A jolt of knowledge ran through Danny’s body like electricity. There was a tone in Longford’s voice that he had heard before. All was revealed to him, all made obvious. He looked up. The power roared until he was aware of nothing else. The sky had turned black. The Lost Boys, he thought, and let go.
L
es couldn’t explain it except to say that everything about Wilsons felt
wrong
. It was as if something had been holding the place together all along, and that something had weakened, if not disappeared altogether. He started to notice how shabby the place had become. It had never been particularly spick-and-span, but now there was rubbish blowing across the lawns at the back of the school, and broken guttering spilled water down the side of the building. The damage to the Gallery of Whispers had not been repaired, and there was green mold on the walls where the damp had gotten in. Even Ravensdale, the mysterious village that functioned as a canteen for the cadets, seemed unkempt, with weeds growing in the streets and ivy crawling up the walls.
“Is it me, or are there fewer cadets here every day?” Dixie asked one afternoon in the Roosts.
“It’s not you,” Vandra said. “Parents are taking their children out of the place. They’re all saying that Wilsons’s days are over, that it stood for something once, but the world has moved on.”
“What do you think?” Les stared moodily out a window.
“I think we need to find out what’s going on,” Vandra said firmly, “and for that we need to know what happened the last time there was no treaty.”

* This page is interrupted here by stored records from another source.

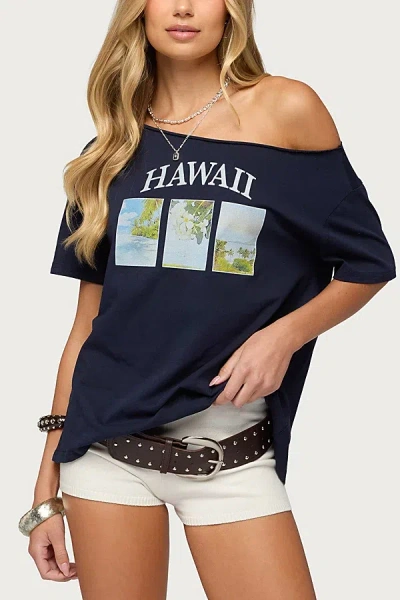 Edikted Hawaiian Babe Off The Shoulder Cotton Graphic T-shirt In Animal Print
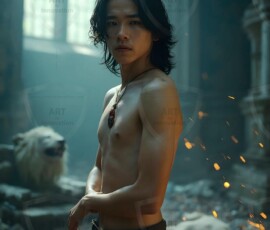 AI-generated wizards of the lion house handsome shirtless mages of the wizard academy conjuring great white lions in cinematic UHD fantasy art.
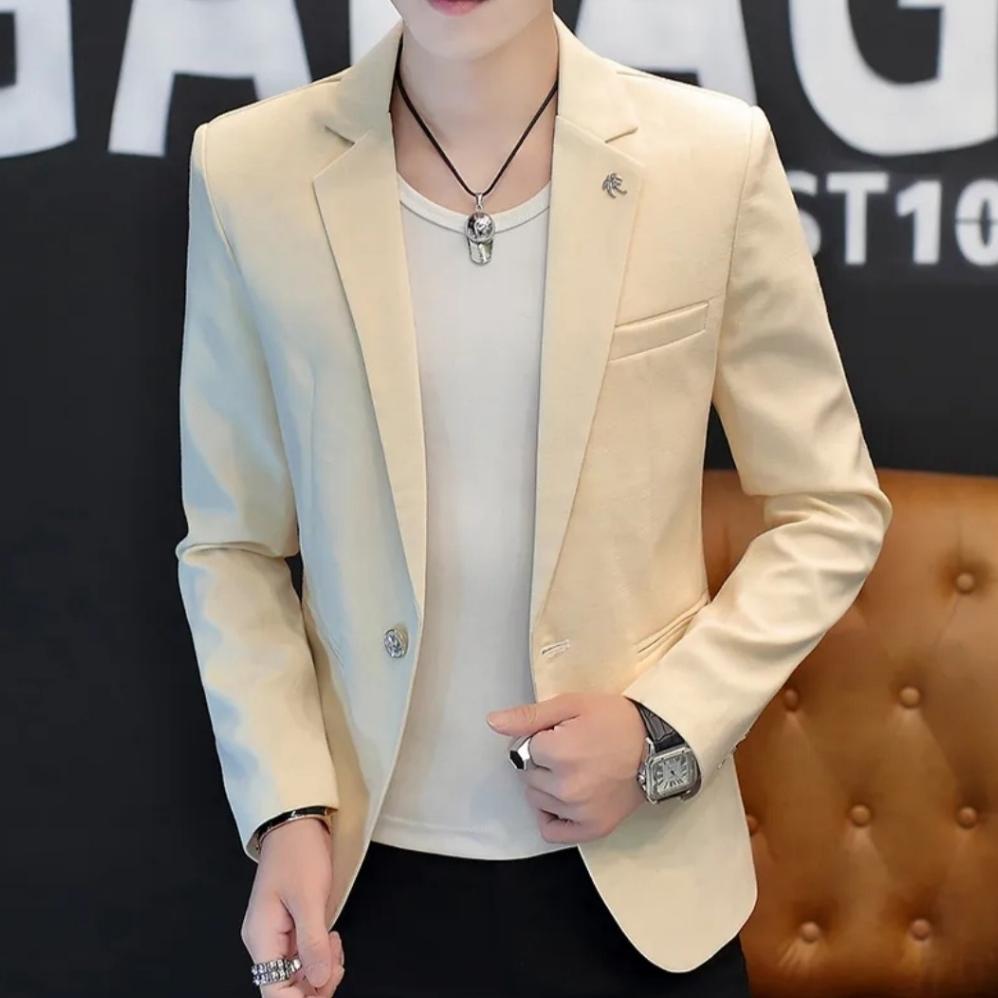 BIG SALE Jas Blazer Korea size L XL Bahan Katun Drill size ada kantong jas kantor blazer pria jas ko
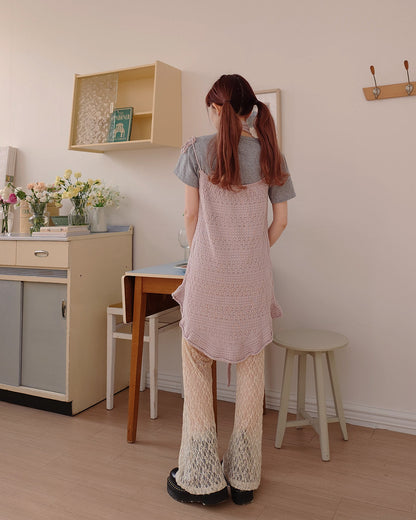 rose scarf knit mini dress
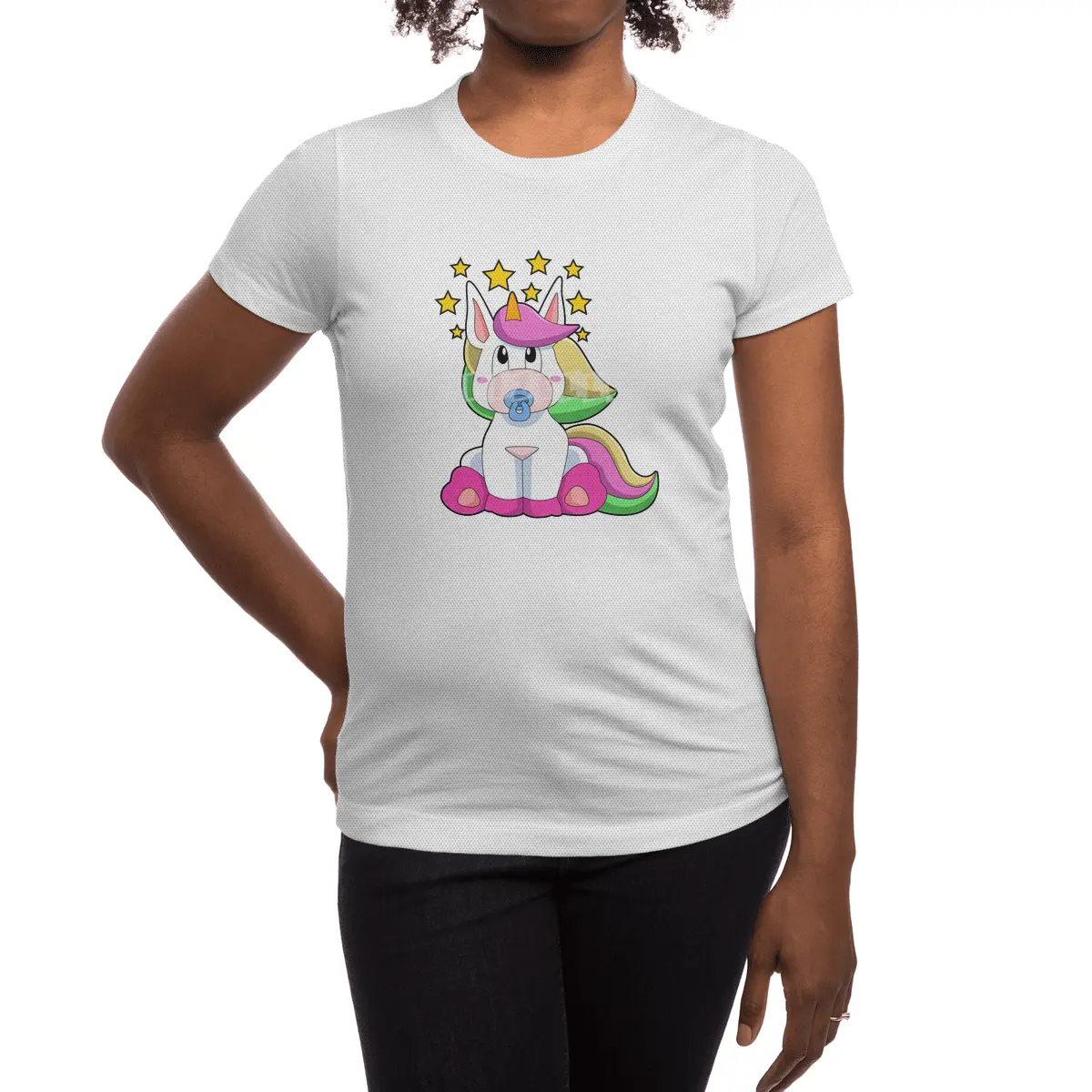 Unicorn as Baby with Pacifier Spor T-Shirt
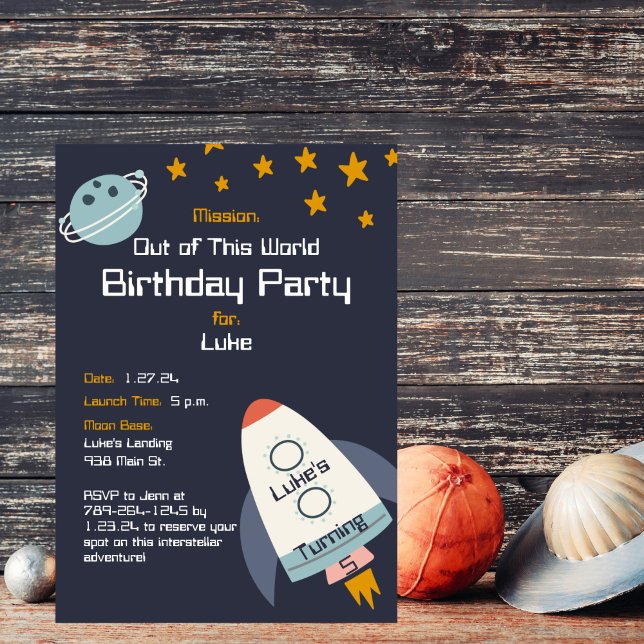 Out of This World Space Birthday Party Invitation (Creator Uploaded)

“I’ve tried to talk to Master Devoy,” Toxique said, “but every time I get close, Brunholm or one of his crew of telltales stops me.”

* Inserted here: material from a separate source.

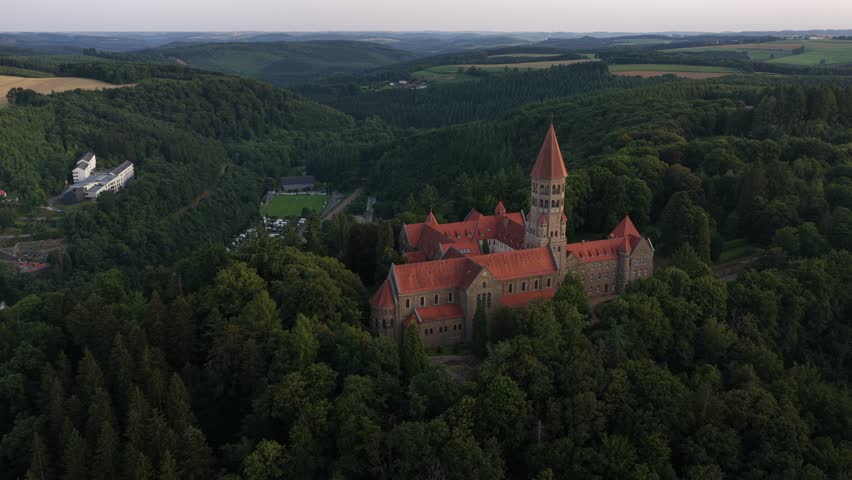 The Monastery Abbey of Clairvaux, Luxembourg. Aerial video. Historic building. Benediktinerabtei hellege Moritz, Abbaye Saint-Maurice et Saint-Maur de Clervaux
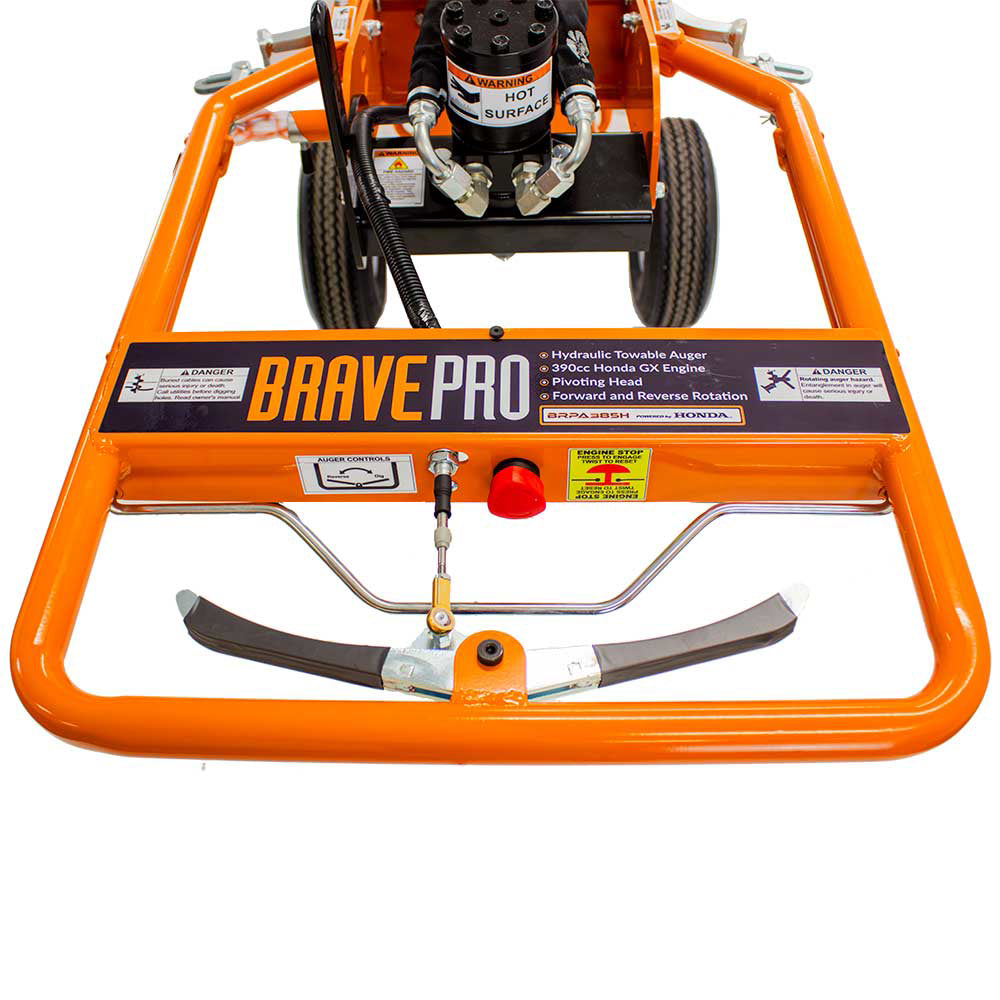 Brave Hydraulic Towable Auger 48" Depth 13 HP Honda GX390 with 2" Hitch Coupler BRPA385H New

“I know,” Vandra said. “I asked Duddy and Spitfire about him, but they just said they never get to see Devoy either.”
“It’s up to us,” Dixie said. “If we can’t get answers from the living, we’ll get them from the dead!”
They all turned to look at her, and she moved rapidly from one part of the room to another in an annoying, fidgety manner.

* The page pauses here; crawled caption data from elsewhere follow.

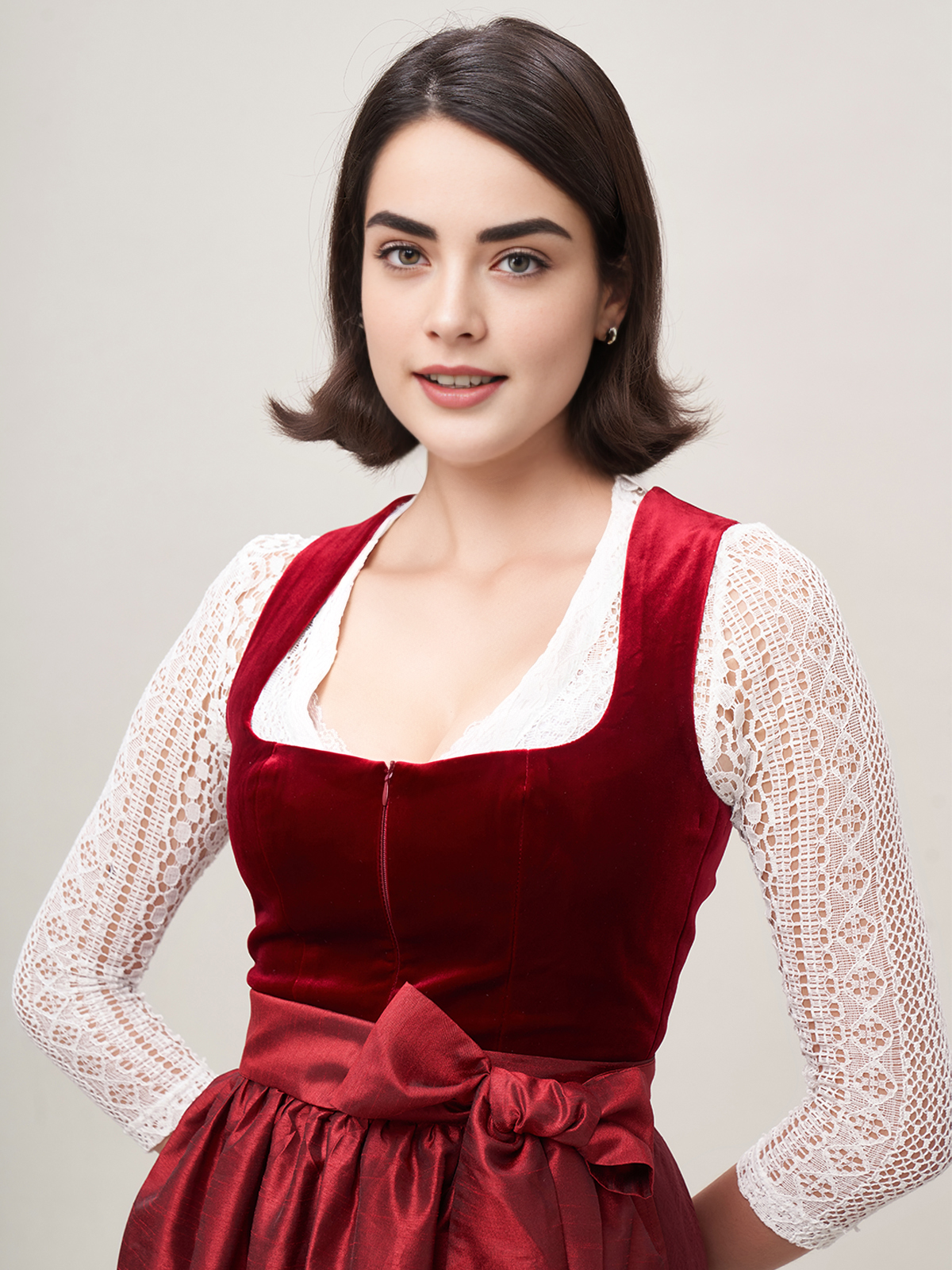 Grünes Dirndl Samt in eleganter Pose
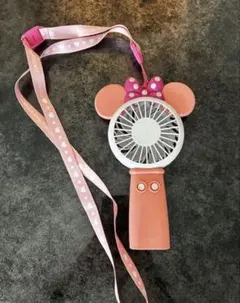美品　ミニーマウス ハンディファン ネックストラップ付き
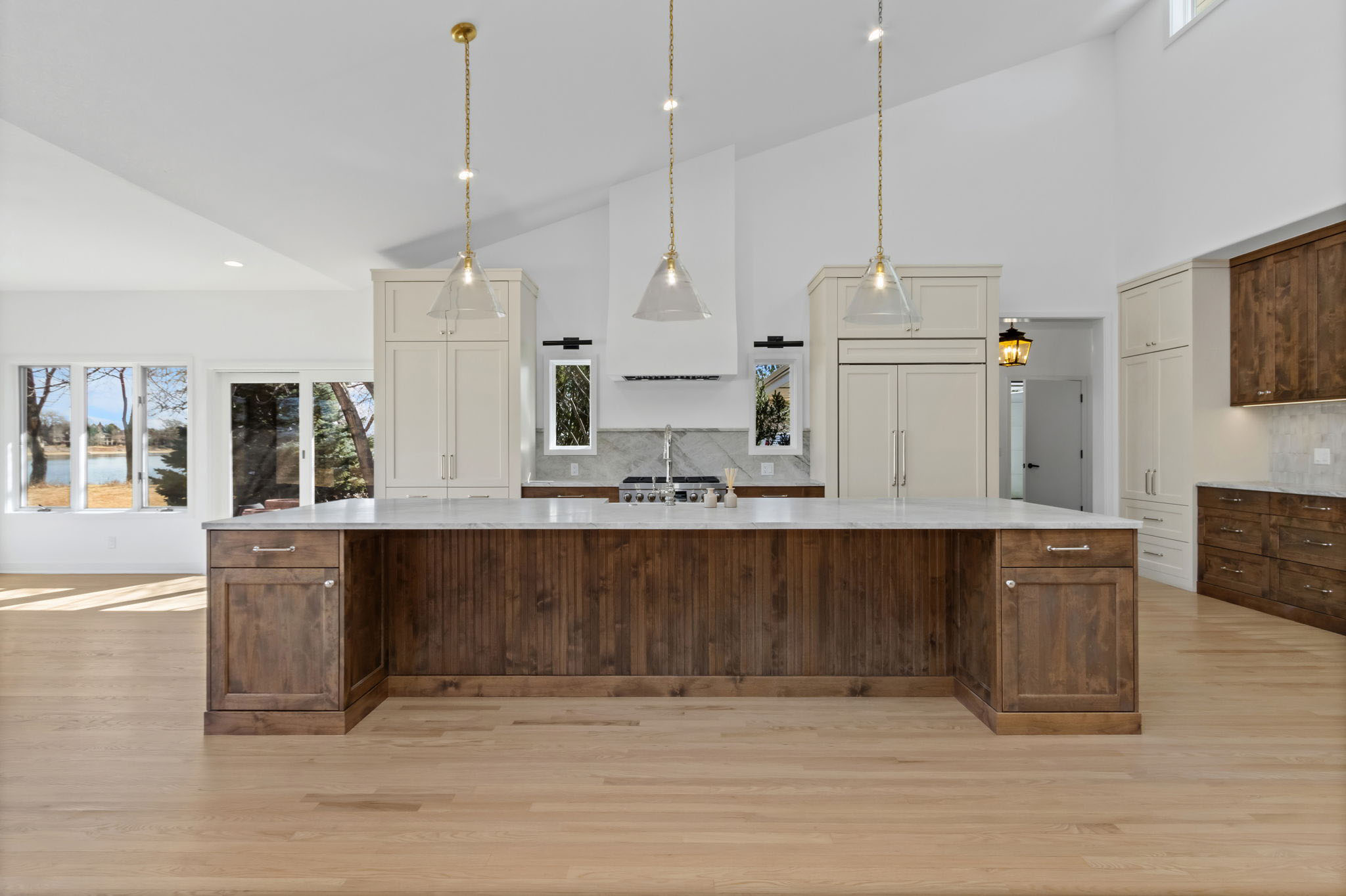 large center island in kitchen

“What do you mean?” Vandra asked.
“If we’re going to find out who the Lost Boys are, who else are we going to ask?”
“Er, we could ask Devoy, or Brunholm, or McGuinness. Or we could go to the library and look it up. That might work.” Les had no desire to go among the dead again.
“Did I hear someone mention the Lost Boys?” an unexpected voice said. It was Miss Duddy.
“Why, do you know something about them, Miss Duddy?” Les said eagerly.
“The Lost Boys was a game when I was a girl,” Duddy said. Les looked at her, disappointed. They weren’t going to find out anything from a girls’ playground game.
“How did you play it?” Dixie asked. Duddy stepped into the light. She had always looked a bit eccentric, but today she just looked shabby. Her long graying hair needed brushing and her spectacles were askew.
“Oh dear,” Duddy said, “can I remember? Yes.…
Dum de dum de dum.…
Hold up your hands, Dixie. It’s a clapping game, very complicated.…
Dum de dum.…
Put up your hands like this.” Duddy started playing the game with Dixie, showing her the moves. It was a schoolyard game such as children everywhere play, and Dixie was good at it, picking it up fast, Duddy dum-dumming at top speed. It was the end that took Dixie by surprise. The game got faster and faster, and when they got to the last part, instead of clapping Dixie’s hands smartly the way she had done before, Duddy swung, right, left, right again, each time a stinging blow to Dixie’s face.
“Ouch, ouch, ouch!” Dixie gasped. “What was that?”
“Fun, wasn’t it?” Duddy grinned.
“Great fun.” Les looked amused.
“Fun, but it doesn’t get us anywhere,” Vandra said.
“Hang on a moment,” Toxique said, “where’s the rhyme?”
“What rhyme?” Vandra said crossly.
“These games always have a little rhyme that goes with them.”
“He’s right, you know,” Duddy said. “Let me think how it goes.… I got it.”
She put her hands up again, but Dixie looked at her askance.